19.   Ms. McKenna says the respondents told her 1 female puppy died and that the other had “already” been sold. Yet, she also says the new owners (DD and JD) took possession of the puppy on September 22, 2021, 16 days after Mr. Roy had told her he had given the puppy away. The Roys did not dispute this timeline, so I accept it, noting it is consistent with DD and JD’s statement about “late September 2021”.

20.   I find what likely occurred is that the Roys expected all 3 puppies to survive. I find it likely they told DD and JD in August they could buy 1 female at the 8-week mark, planning to keep the male and give the other female to Ms. McKenna. As noted, one of the females later died while in the Roys’ care, due to an accident. While unfortunate, I find that death did not negate the Roys’ obligation under the parties’ agreement to give Ms. McKenna a female puppy in lieu of a stud fee.

21.   I turn then to Ms.
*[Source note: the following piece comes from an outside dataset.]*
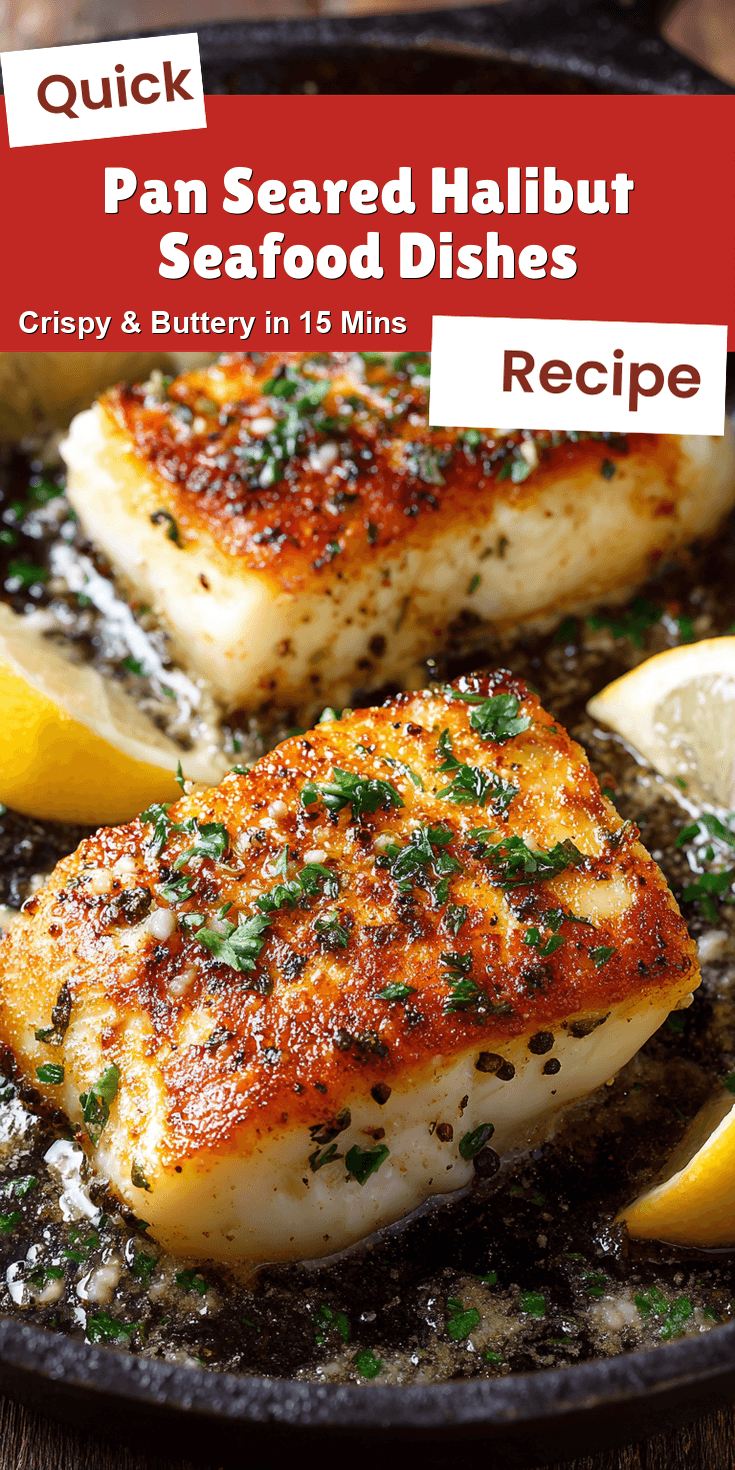 Pan Seared Halibut Seafood Dishes served on a plate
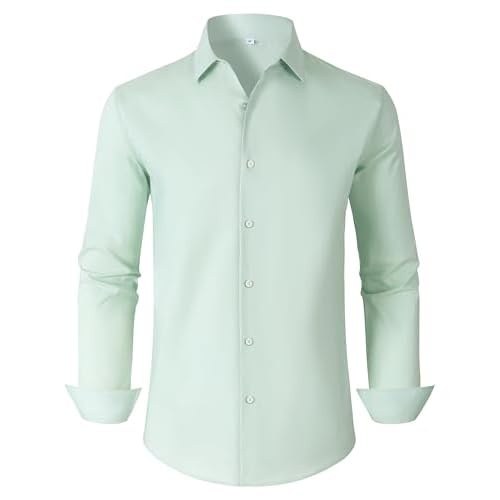 Mens Dress Shirts for Men Long Sleeve Wrinkle Free Button Down Shirt Formal Business Casual Shirts X-Small 00100_light Green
McKenna’s damages. Clearly, there is no female puppy left to give Ms. McKenna as payment for the stud services. So, I must consider the value of the puppy Ms. McKenna would have received had the Roys not sold it to DD and JD for $500.
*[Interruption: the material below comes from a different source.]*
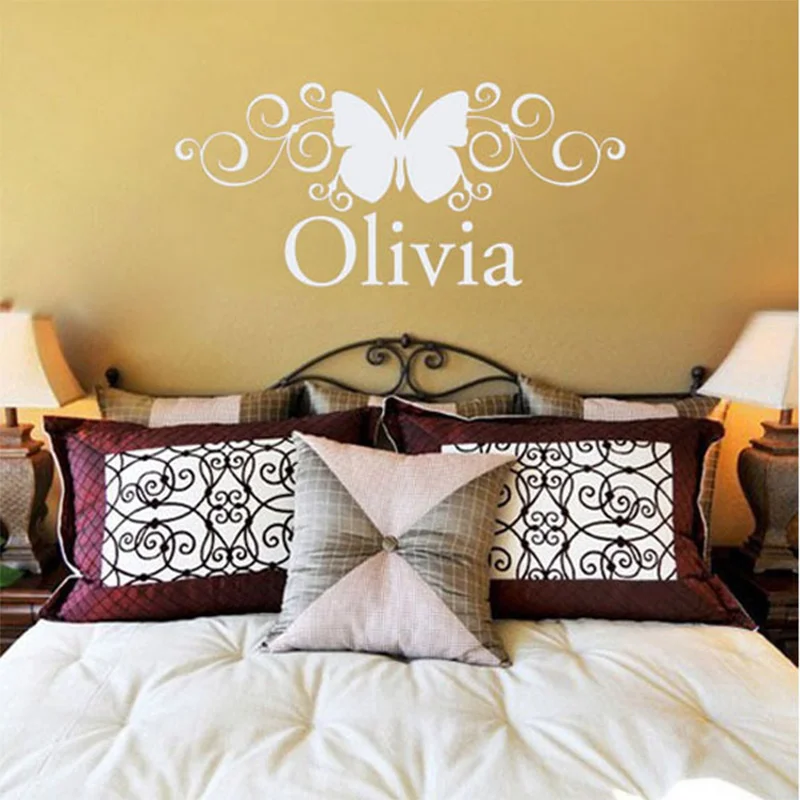 Lettering Wall Sticker Name Scroll Butterfly Decal Removal Girls For Bedroom Factory Sales Directly | Дом и сад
22.   As noted, Ms. McKenna claims $3,500. The Roys appear to argue the puppy’s value was no more than $500. In the circumstances, I find the amount the Roys sold the dog for to friends is not determinative. Contrary to the Roys’ apparent submission, I also place no weight on the Roys’ care costs up to the 8-week mark, because it was always the agreement the Roys would care for the puppies to 8 weeks.
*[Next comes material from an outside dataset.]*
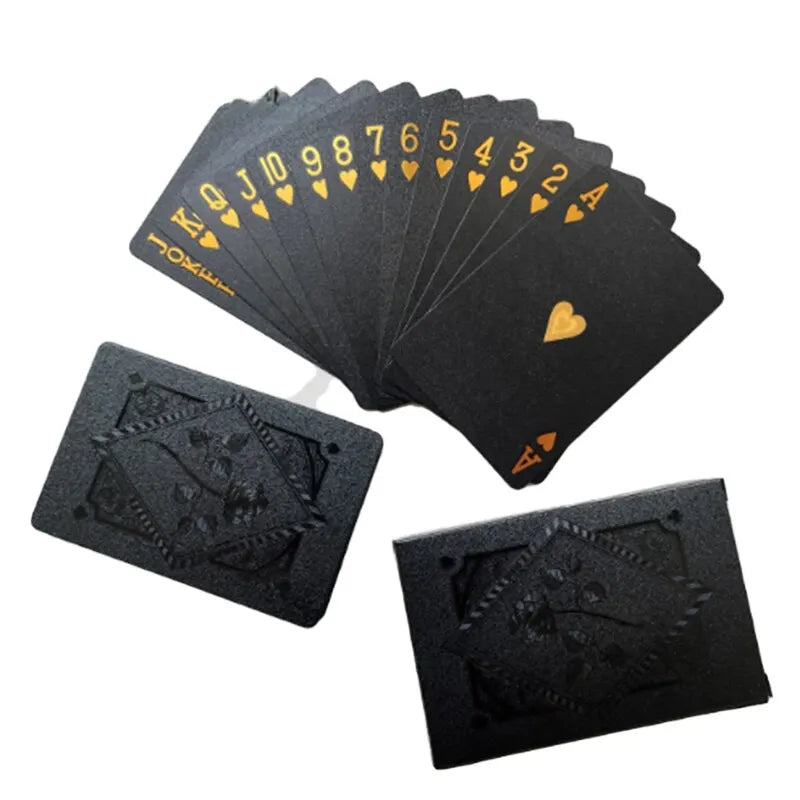 Black Gold Waterproof Playing Cards Poker Suit Magic Trick Board Game Set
23.   Ms. McKenna points out that the dog is a Shih Tzu poodle cross puppy that is highly sought after because of its unique properties. The Roys do not deny this. However, the Roys argue because the puppy is a mixed-breed unregistered dog, the value is far less than $3,500.

24.   Both parties submitted copies of online advertisements for similar puppies. Ms. McKenna submitted ads on Kijiji for the same Shih Tzu species: 2 male puppies for $3,500, with 2 females at $2,700 and $3,000, and one for $2,500 where the sex was not identified.

25.   The Roys submitted ads for a Shih Tzu puppy being sold in Ontario for $1,900 and one in Edmonton for $1,650. They also included an ad for a male Shih Tzu in the lower mainland for $2,500.

26.   I acknowledge the Roys’ argument that there are ads for purebred Shih Tzu puppies for $3,500, and their puppy was not a purebred. However, on balance, I find the best evidence of the value of the female puppy Ms. McKenna should have received is what similar puppies are advertised for here in BC.

27.   On balance and on a judgment basis, I find $2,500 is an appropriate valuation for the puppy. I order the Roys to pay Ms. McKenna that amount.

28.   The Court Order Interest Act (COIA) applies to the CRT. I find Ms. McKenna is entitled to pre-judgment interest under the COIA on the $2,500. Calculated from September 7, 2021 (the date Ms. McKenna should have received the dog) to the date of this decision, this interest equals $6.92.

29.    Under section 49 of the CRTA and the CRT’s rules, a successful party is generally entitled to reimbursement of their CRT fees and reasonable dispute-related expenses. Ms. McKenna was successful and so I find she is entitled to reimbursement of $175 in paid CRT fees. Ms. McKenna also claims $65 in dispute-related expenses: $15 for registered mail to serve the respondents and $50 for a title search to obtain the Roys’ physical address. I find these expenses reasonable and so I order the respondents to reimburse them.

ORDERS

30.   Within 21 days of this decision, I order the Roys to pay Ms. McKenna a total of $2,746.92, broken down as follows:

a.    $2,500 in damages,

b.    $6.92 in pre-judgment interest under the COIA, and

c.    $240, for $175 in CRT fees and $65 in dispute-related expenses.

31.   Ms. McKenna is entitled to post-judgment interest, as applicable.

32.   Under section 48 of the CRTA, the CRT will not provide the parties with the Order giving final effect to this decision until the time for making a notice of objection under section 56.1(2) has expired and no notice of objection has been made. The time for filing a notice of objection is 28 days after the party receives notice of the CRT’s final decision.

33.   Under section 58.1 of the CRTA, a validated copy of the CRT’s order can be enforced through the Provincial Court of BC. A CRT order can only be enforced if it is an approved consent resolution order, or, if no objection has been made and the time for filing a notice of objection has passed. Once filed, a CRT order has the same force and effect as an order of the Provincial Court of BC.